Komisi Pemberantasan Korupsi (KPK) mendapat momentum kuat setelah menemukan gunungan uang tunai sebesar Rp 11,8 triliun dalam pengusutan kasus korupsi yang melibatkan lima korporasi ternama. Uang tunai ini disita dari lokasi berbeda, termasuk kantor pusat dan gudang operasional salah satu perusahaan besar di Jakarta.
Penelusuran awal menyebutkan uang berasal dari jaringan suap, manipulasi kontrak, dan mark-up harga dalam proyek pemerintah, terutama di sektor infrastruktur dan pengadaan barang. Pihak penyidik akan menyertakan bukti visual dan dokumen transaksi sebagai bahan dakwaan. Rencana sidang perdana diperkirakan pada semester III–IV 2025 dengan agenda pembacaan dakwaan dan penetapan jadwal persidangan.

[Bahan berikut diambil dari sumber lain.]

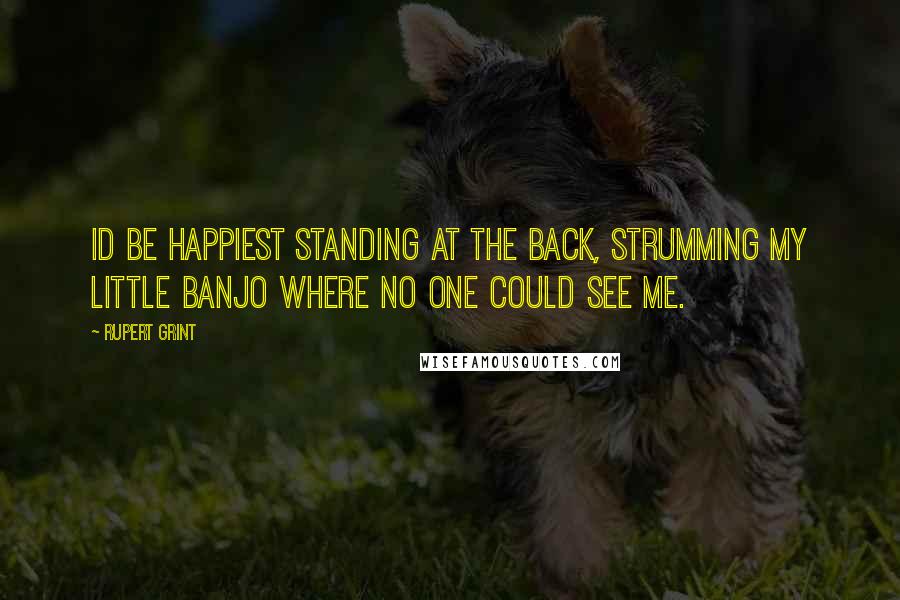 Rupert Grint Quotes: Id be happiest standing at the back, strumming my little banjo where no one could see me.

Menteri Koordinator bidang Perekonomian dan Keuangan menyatakan bahwa temuan uang tunai ini akan dijadikan contoh untuk memperkuat sistem pengawasan transaksi keuangan korporasi. Masyarakat juga diimbau terus memantau perkembangan kasus agar akuntabilitas penanganan benar-benar diwujudkan. Transparansi kembali mendapatkan tempat utama dalam agenda reformasi sektor korporasi.

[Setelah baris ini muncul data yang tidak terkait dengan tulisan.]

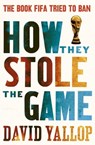 How They Stole the Game - David Yallop - 9781780334028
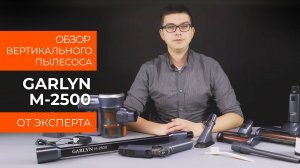 Подробный обзор вертикального пылесоса GARLYN M-2500 от технического эксперта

Penyidik akan berkoordinasi dengan Polri dan instansi penegak hukum lain untuk menentukan nasib para eksekutif korporasi yang terbukti terlibat. Berbagai macam peralatannya juga diinventarisir sebagai potensi barang bukti tambahan. Selain itu, KPK akan menyelidiki kemungkinan adanya dampak keuangan sistemik akibat pencucian uang dalam skala ini.

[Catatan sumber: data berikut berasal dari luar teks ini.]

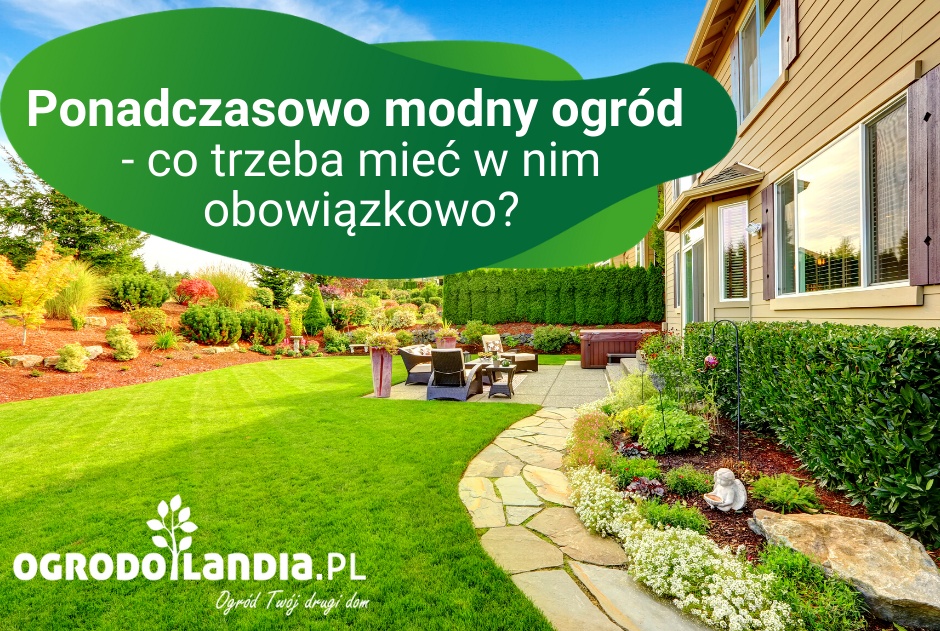 Ponadczasowo modny ogród - co trzeba mieć w nim obowiązkowo?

Kasus ini dipandang sebagai babak penting dalam mendorong peran korporasi untuk patuh hukum dan etika bisnis. Pemerintah menyampaikan komitmen kebijakan zero tolerance terhadap korupsi, termasuk yang terjadi di level perusahaan besar. Kekuatan bukti gunungan uang tunai diharapkan menjadi instrumen publik yang efektif menekan korupsi.